Lloyd’s of London reported the largest first half loss in its 323 year history on 21 September 2011 – £697 million. Though for Lloyds, it would take much more than this to be a concern to them. Losses suffered by U.S. and Bermuda re/insurers were larger in comparison to Lloyd’s, and that, although Lloyd’s were larger than the average losses of European re/insurers.
Despite the historic loss, Lloyd’s remains extremely strong. The total assets of all of the companies and syndicates which are part of the Lloyd’s market are around £857 billion [AUD$1,340 billion].
Lloyd’s has some great people in charge of Lloyds including the Chairman Lord Peter Levene. who I have been lucky enough to meet. Also the CEO’s Nick Prettejohn and Richard Ward, have brought changes in how the Lloyd’s market conducts business. It has now become a world leader and we use their markets more than ever.
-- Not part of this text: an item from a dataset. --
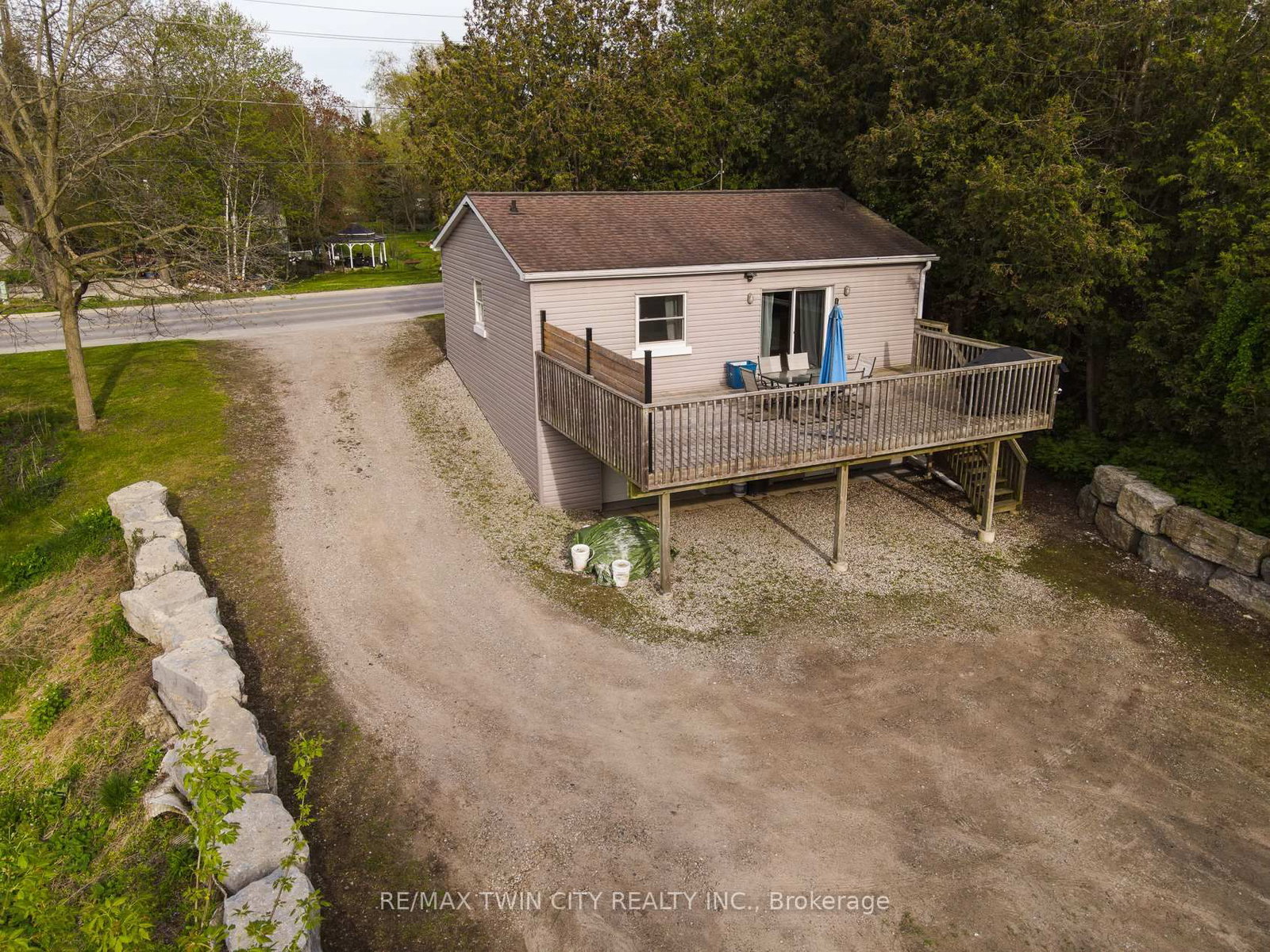 Listing Image 34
Lloyd’s face an expensive hurricane season in the USA as well the ongoing economic crisis in the U.S. and Europe, especially the crisis in the Euro Zone. This comes after Earthquakes in Japan and New Zealand, Floods in the East of Australia and cyclones in Northern Australia. La Nina is forming again which could bring a repeat of these weather events again.
This means Lloyds will put an emphasis on underwriting discipline which simply translates to rate increases. Lloyd’s has weathered the catastrophe onslaught that hit it for the first half of 2011, it could almost certainly weather a financial catastrophe as well. They are traditionally conservative investors and will remain A plus security. You can still put your faith in Lloyds of London.